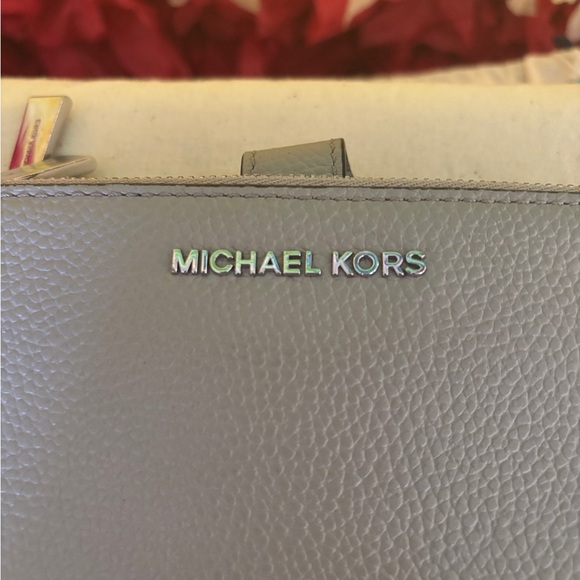 Michael Kors Adele Leather Smartphone Wallet Wristlet - Picture 8 of 9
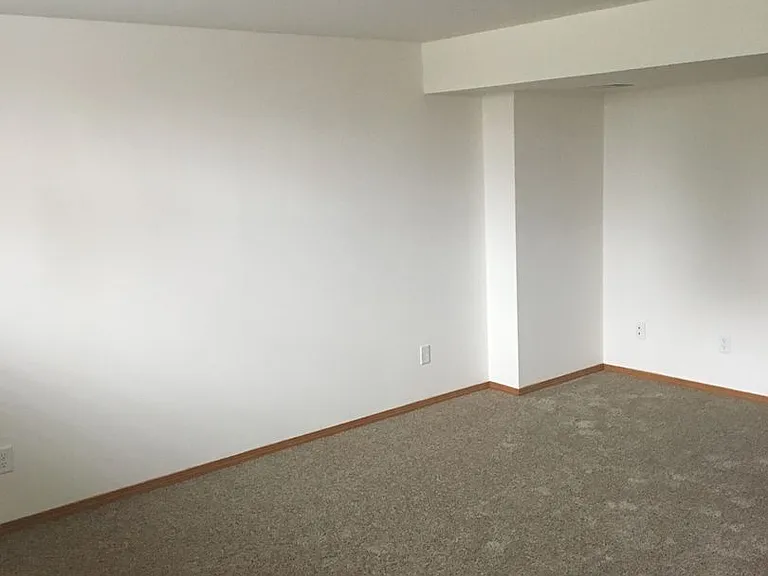 1405-07 Glacier Hill Dr — Photo 10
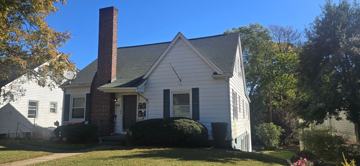 featured image of 405 S Sunset Dr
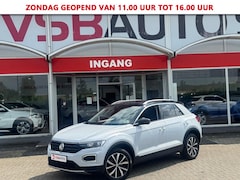 Volkswagen T-Roc - 1.0 TSI 115PK CARPLAY LED NAVI AIRCO LMV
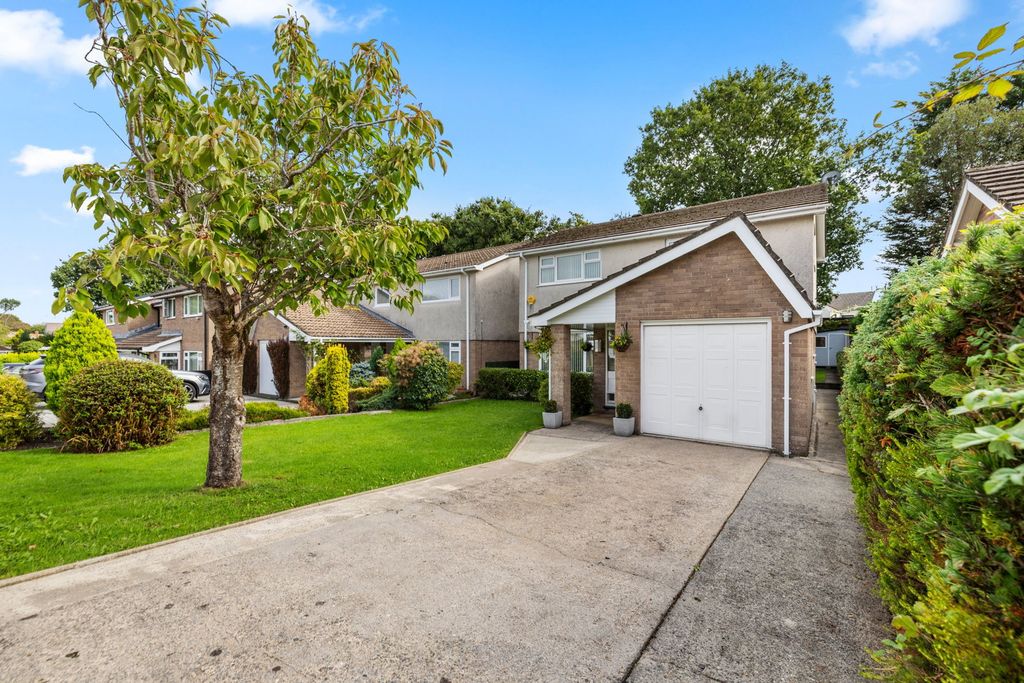 Property photo 2 of 31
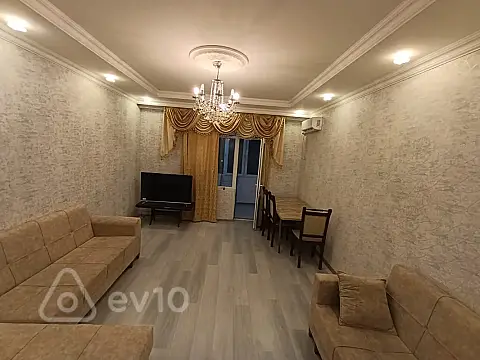 Kirayə verilir 2 otaqlı yeni tikili 65 m²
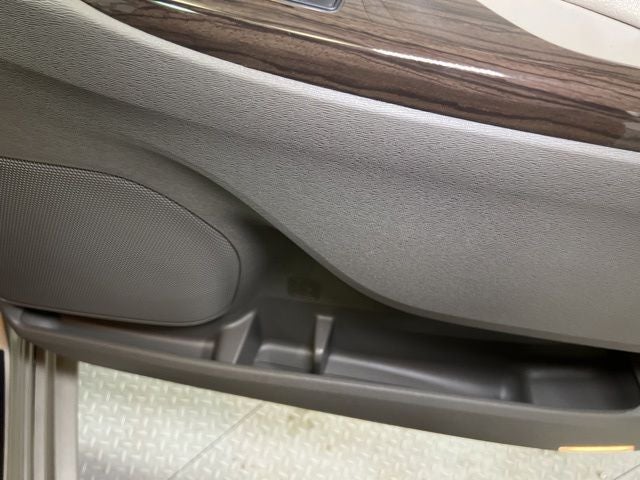 2017 Toyota Sienna XLE 8 Passenger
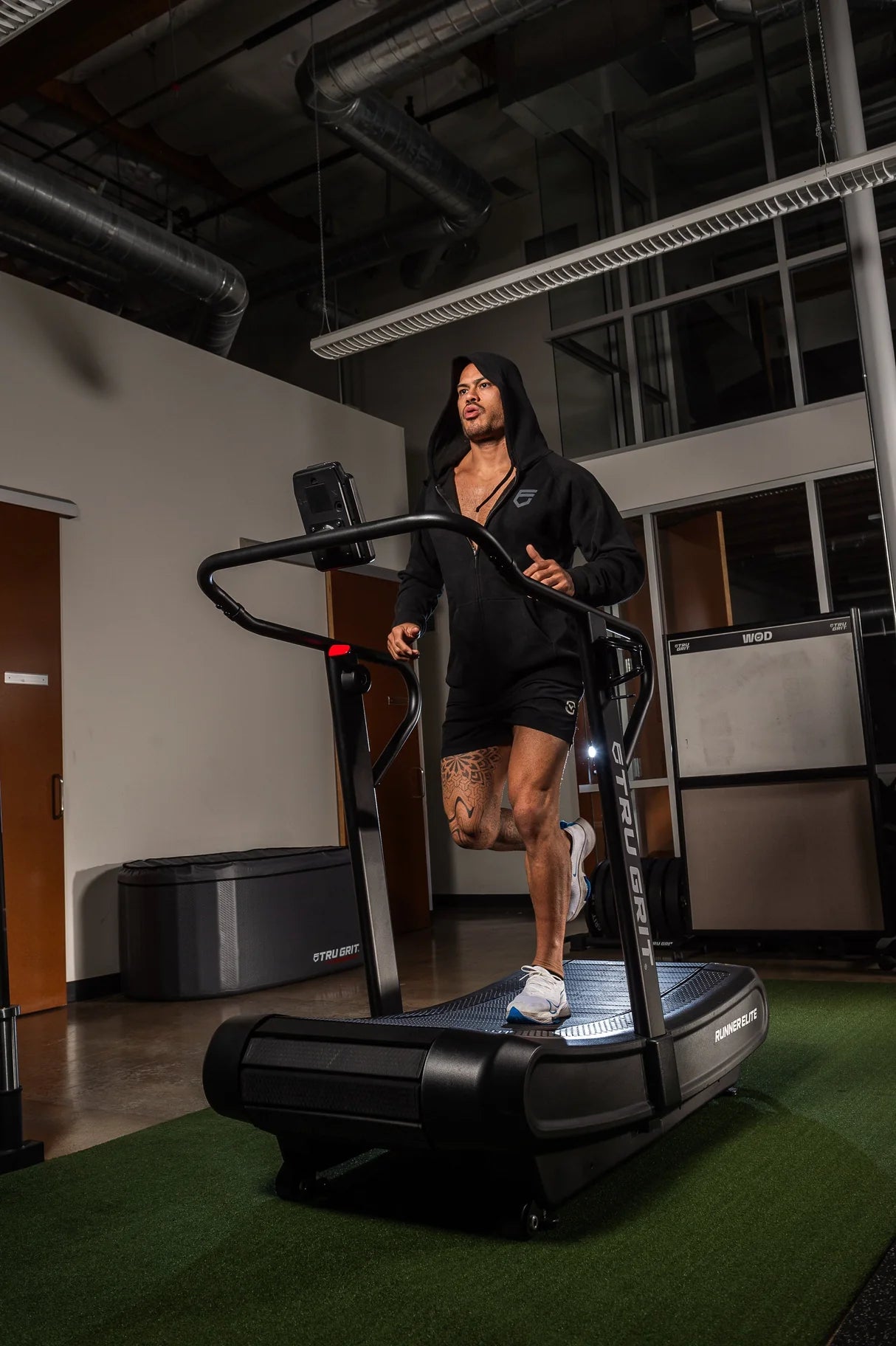 Tru Grit Fitness Runner Elite | Manual Curved Treadmill with 4-Level Magnetic Resistance & Bluetooth LCD Display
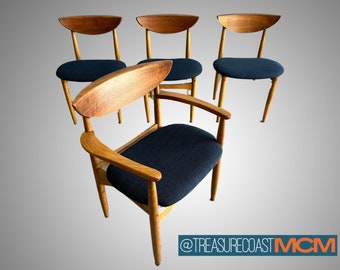 Mid Century Walnut Dining Chairs from Lane Perception / Set of 4 four / vintage mcm boho wood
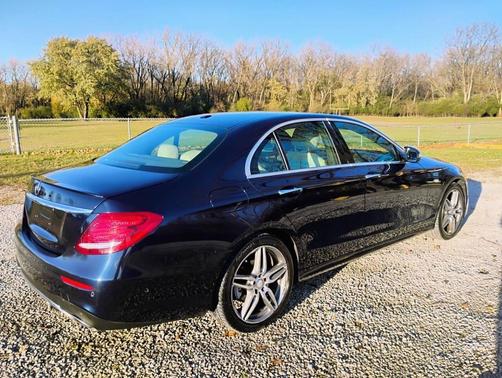 2017 Mercedes-Benz E-Class 4MATIC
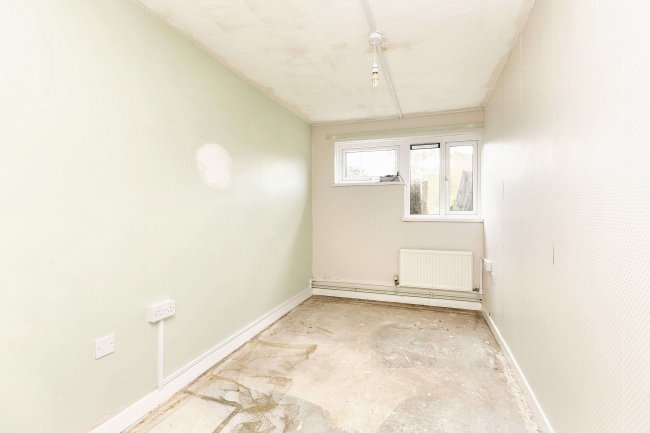 46 & 48 Browney Path, Bedford, Bedfordshire, MK41 7XH 3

_ _ _ _ _ _ _

## TASK STATEMENT
In the copy, leave out all pictures, and retype exactly each line from the one with "featured image of 405 S Sunset Dr" through the last line of the entries.

## RESPONSE BELOW
 featured image of 405 S Sunset Dr
 Volkswagen T-Roc - 1.0 TSI 115PK CARPLAY LED NAVI AIRCO LMV
 Property photo 2 of 31
 Kirayə verilir 2 otaqlı yeni tikili 65 m²
 2017 Toyota Sienna XLE 8 Passenger
 Tru Grit Fitness Runner Elite | Manual Curved Treadmill with 4-Level Magnetic Resistance & Bluetooth LCD Display
 Mid Century Walnut Dining Chairs from Lane Perception / Set of 4 four / vintage mcm boho wood
 2017 Mercedes-Benz E-Class 4MATIC
 46 & 48 Browney Path, Bedford, Bedfordshire, MK41 7XH 3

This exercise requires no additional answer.